Back when such things were possible, my son had a party.

We won’t dwell on the details, suffice to say it ended with the words ‘the next party you give will be your 40thand we’ll come and be sick on your floor and break your toilet’.

Before that disappointing but entirely predictable denouement, we had another problem.

How to get 40 odd 17 year olds to close the door to the kitchen as they trailed in and out in search of food, drink and lavatories.  Ostensibly it was to prevent our dogs escaping, but in truth it was to stop the slamming doors, howling draughts and general annoyance.

A big sign reading:  PLEASE CLOSE THIS DOOR yielded a 0% success rate.

Watching them go through it occurred to me they hadn’t even seen it.  Heads down with those adult-blocking blinkers teenagers wear that render anyone over 30 invisible, they swam in and out like migrating salmon.

Salmon that never close doors.

Unless I was going to spend the night door monitoring, I needed something a bit more persuasive.

So I wrote another sign.

CLOSE THE DOOR TO PREVENT ESCAPING DOGS

The stream of hormone-driven humanity did not falter.  They neither looked up, paused or hesitated.

But every single one of them closed the door behind them.

Despite their apparent distraction, they had all absorbed the information, weighed it and found it sufficiently potent to change their behaviour.  No discussion.  No compromising.  It just became as naturally part of their actions as absorbing industrial quantities of crisps and vodka.

Teenagers’ brains are hard to get through to.
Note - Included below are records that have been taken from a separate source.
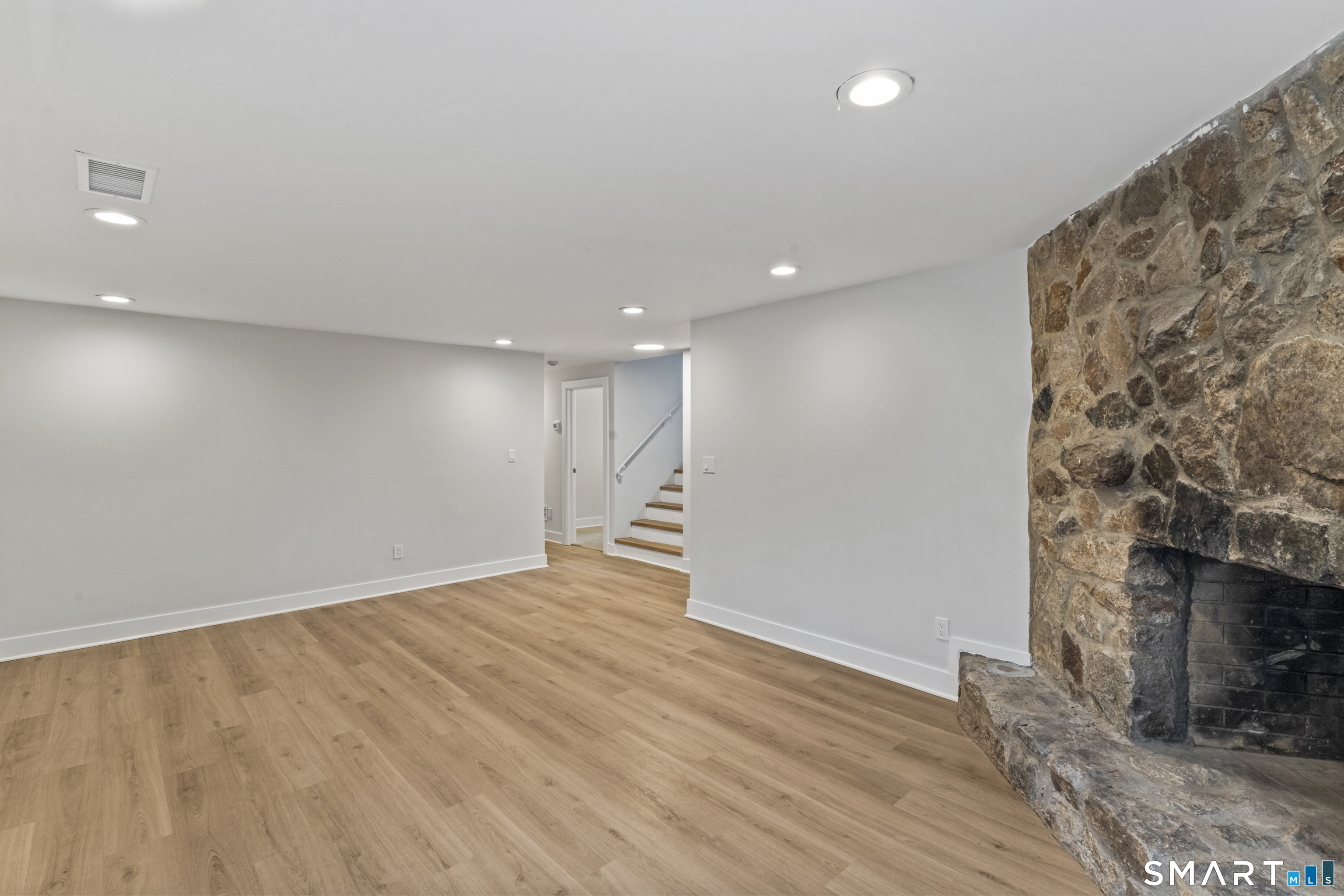 147 Thayer Pond Road Wilton, CT 06897 - Photo 28 of 39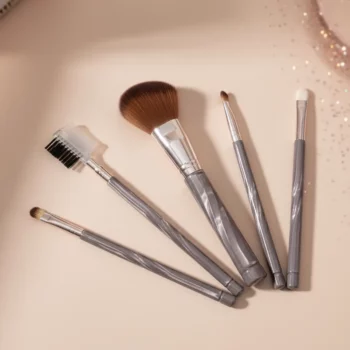 🎨Lot de 6 (soit 2,80€ le set) : Kit Pinceaux Maquillage (5 Pièces) – Le Luxe à Portée de Main ! ✨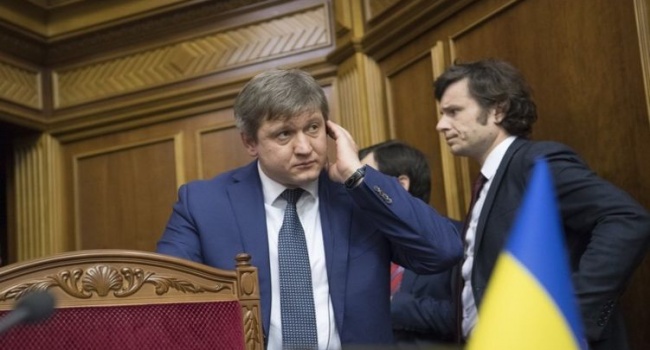 Политолог: несмотря на письма Данилюка Украина смогла получить макрофинансовую помощь от ЕС Политолог: несмотря на письма Данилюка Украина смогла получить макрофинансовую помощь от ЕС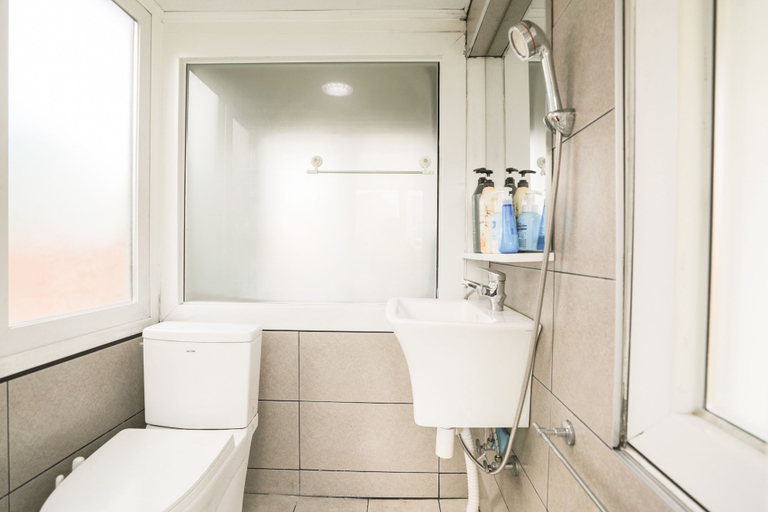 Bathroom 4, Wave House, Mapo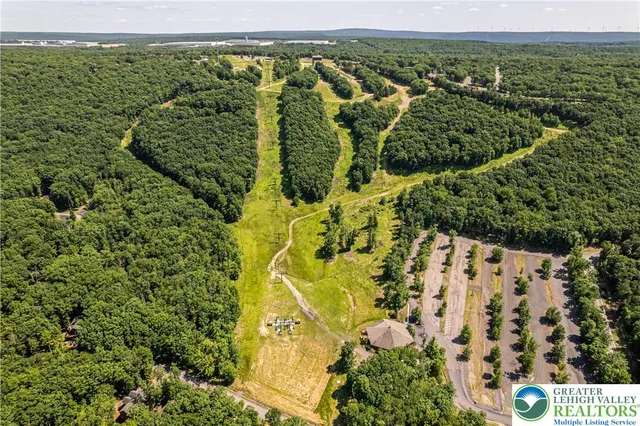 $529,000 | 720 Turnberry Lane, Hazleton, PA 18202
Science tells us that far from the Homer Simpson levels of brain activity their conversation would suggest, their minds are going like clappers, putting algorithms to shame in matters of data processing, complexity and speed.

So what made these human smart phones stop and listen.  Or not stop, but listen anyway.

A reason.

Closing a door is an instruction.

Stopping a dog escaping is a purpose.

And they like dogs.

(I may be wrong but I wonder if ‘close door to prevent escaping toddlers’ would have the same effect)

It’s all copywriting, isn’t it?

How you say something is important.  But give someone a reason that resonates with their world and they may actually do what you say.

Perhaps I should have written another sign:

PLEASE DON’T GET SO DRUNK I HAVE TO CALL YOUR PARENTS. IT MAKES THE DOGS SAD.